(SOURCE DATA)
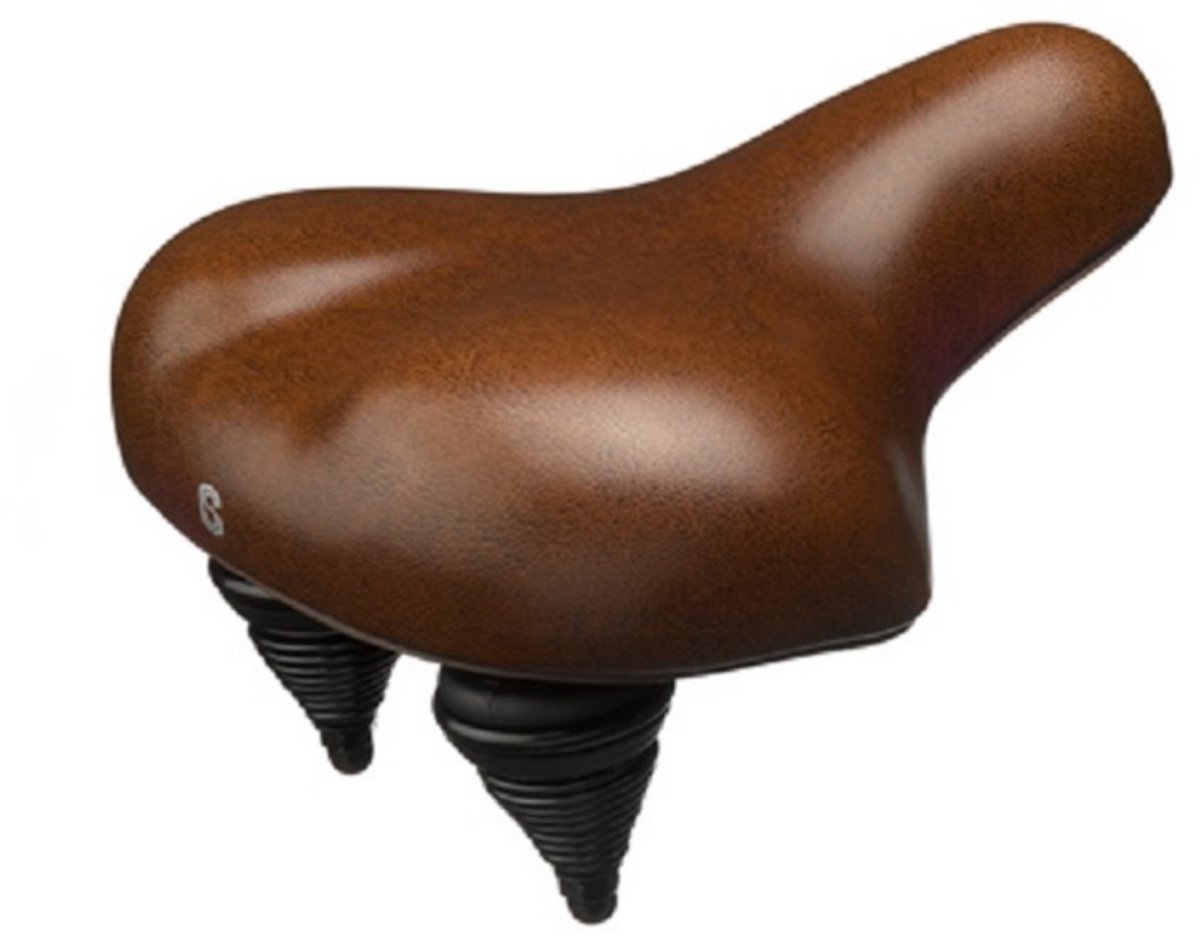 Selle Comfort Retro fietszadel - Medium - Bruin - Smart foam - Ergonomisch ontwerp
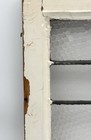 Antique Prairie Mission Style Leaded Stained Glass Wood Frame Window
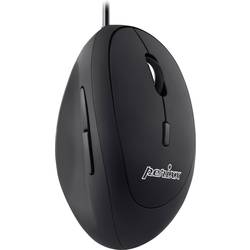 Perixx Perimice-519 Ergonomische Maus USB Optisch Schwarz 6 Tasten 1600 dpi Ergonomisch 11521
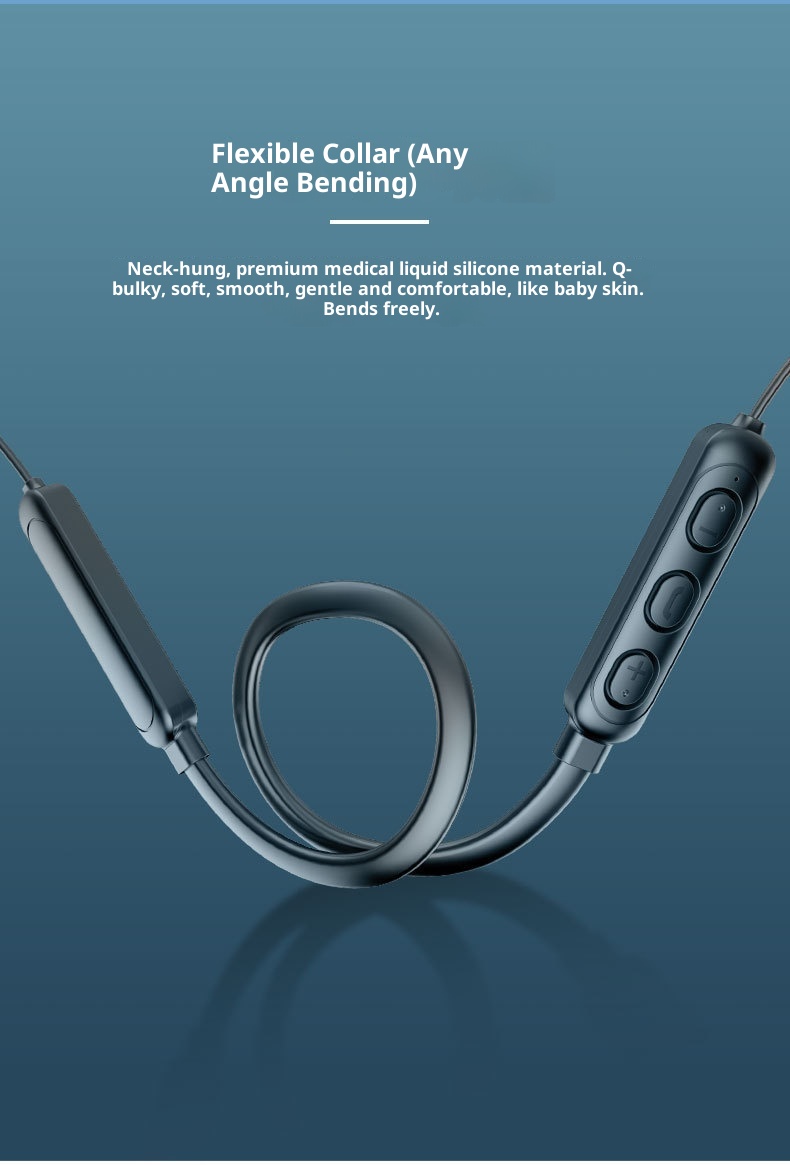 Nuovi auricolari sportivi universali 5.0 con cancellazione del rumore, con archetto da collo Bluetooth wireless e microfono, in vendita direttamente dalla fabbrica_voghion.com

(REQUIRED WORK) For this exercise, write out the listing verbatim and leave every image out.

(OUTPUT OF THE TASK)
 Selle Comfort Retro fietszadel - Medium - Bruin - Smart foam - Ergonomisch ontwerp
 Antique Prairie Mission Style Leaded Stained Glass Wood Frame Window
 Perixx Perimice-519 Ergonomische Maus USB Optisch Schwarz 6 Tasten 1600 dpi Ergonomisch 11521
 Nuovi auricolari sportivi universali 5.0 con cancellazione del rumore, con archetto da collo Bluetooth wireless e microfono, in vendita direttamente dalla fabbrica_voghion.com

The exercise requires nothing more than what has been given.